People struggle to distinguish between humans and ChatGPT in five-minute text conversations: Study

Produced by: Tarun Mishra Designed by: Manoj Kumar

Turing Test Experiment

Researchers from UC San Diego conducted a study using a Turing test to assess whether people can distinguish responses from ChatGPT and humans in conversations.

Research Origin

The idea stemmed from a class led by Cameron Jones, co-author, where they explored if large language models (LLMs) like GPT-4 could exhibit human-like intelligence.

First Study Findings

Initial results indicated that GPT-4 could pass as human in about 50% of interactions, prompting further controlled experiments.

Refining the Experiment

To improve accuracy, they designed a two-player online game where participants interacted with either humans or AI witnesses (GPT-4, GPT-3.5, and ELIZA).

Game Dynamics

Participants engaged in five-minute conversations with witnesses and then guessed whether each witness was human or AI based on their interactions.

Model Performance

Users could often distinguish ELIZA and GPT-3.5 as machines, but their ability to differentiate GPT-4 from humans was no better than random chance.

Human vs.
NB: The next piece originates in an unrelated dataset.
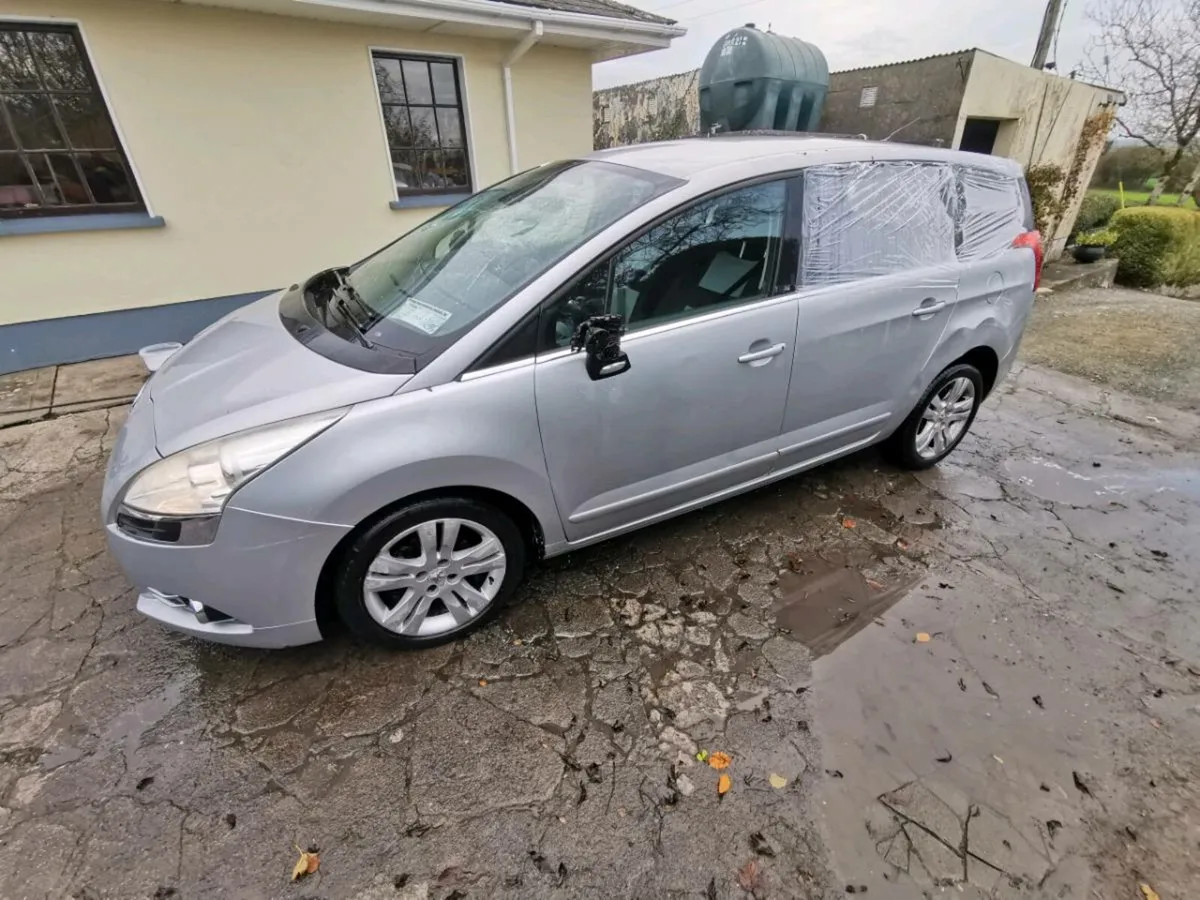 12 Peugeot 5008 1.6hdi - Image 4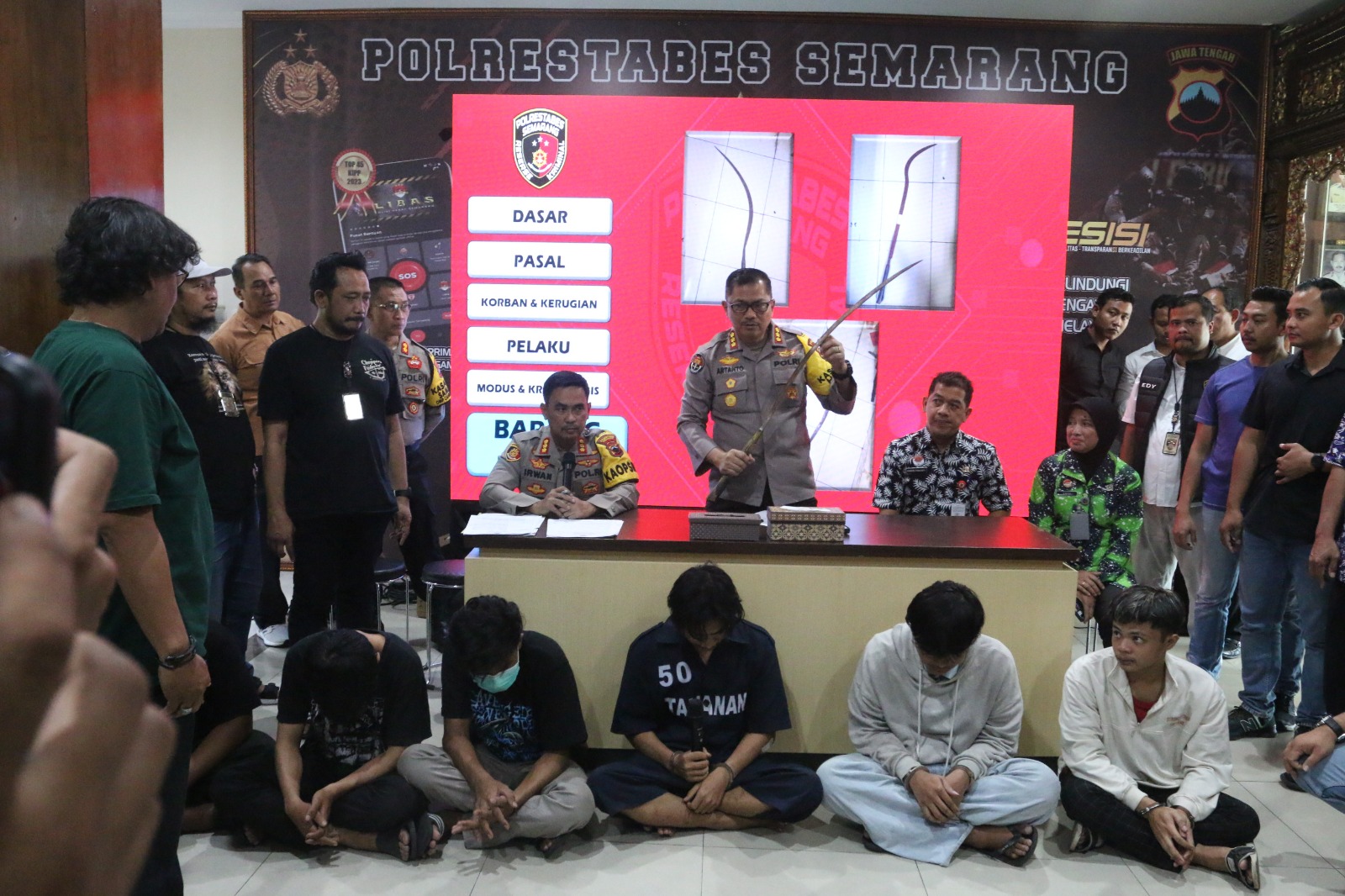 Enam orang ditetapkan sebagai tersangka kasus pembacokan mahasiswa Udinus Semarang, Selasa (17/9/2024) sekitar pukul 03.00.  Nurchamim/Jawa Pos Radar Semarang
AI Persuasion

Real humans successfully convinced interrogators they were human two-thirds of the time, highlighting challenges in distinguishing AI from humans.

Real-world Implications

The study suggests that in practical scenarios, people may struggle to reliably discern whether they are conversing with a human or an AI system.

Future Research

Continued exploration into AI-human interaction dynamics aims to understand the implications of advanced LLMs like GPT-4 on social and technological fronts.